» TASK GOAL
Could you repeat the listing exactly, leaving out the pictures?

══ RAW DATA ══

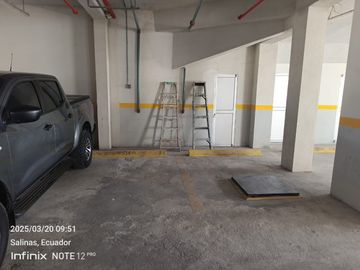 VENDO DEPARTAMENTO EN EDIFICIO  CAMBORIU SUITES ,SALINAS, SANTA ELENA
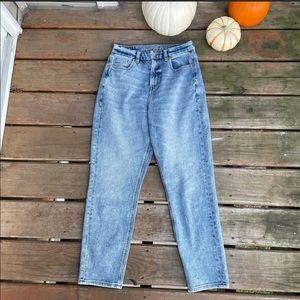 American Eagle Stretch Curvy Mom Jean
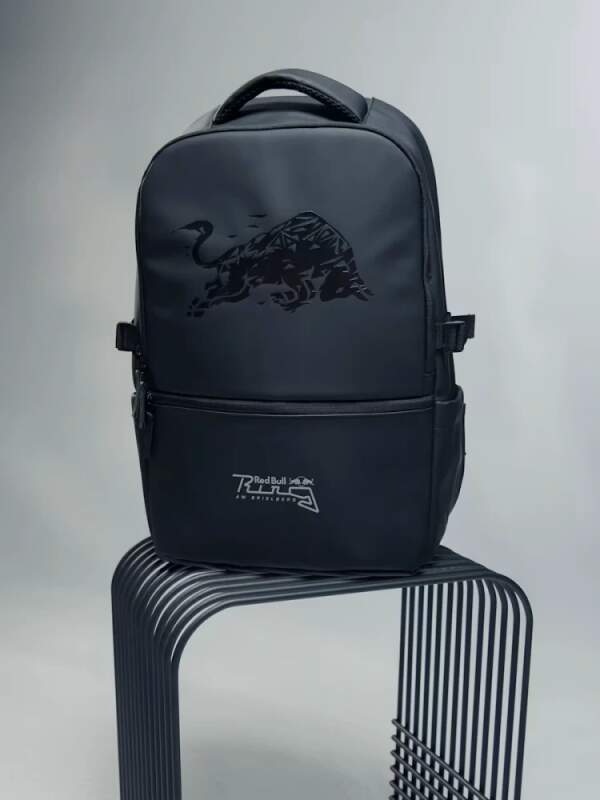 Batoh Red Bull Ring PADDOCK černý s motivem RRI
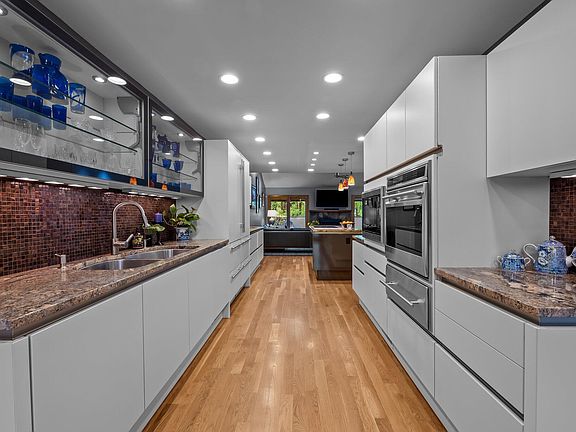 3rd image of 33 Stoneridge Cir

═══

» OUTPUT OF THE TASK
 VENDO DEPARTAMENTO EN EDIFICIO  CAMBORIU SUITES ,SALINAS, SANTA ELENA
 American Eagle Stretch Curvy Mom Jean
 Batoh Red Bull Ring PADDOCK černý s motivem RRI
 3rd image of 33 Stoneridge Cir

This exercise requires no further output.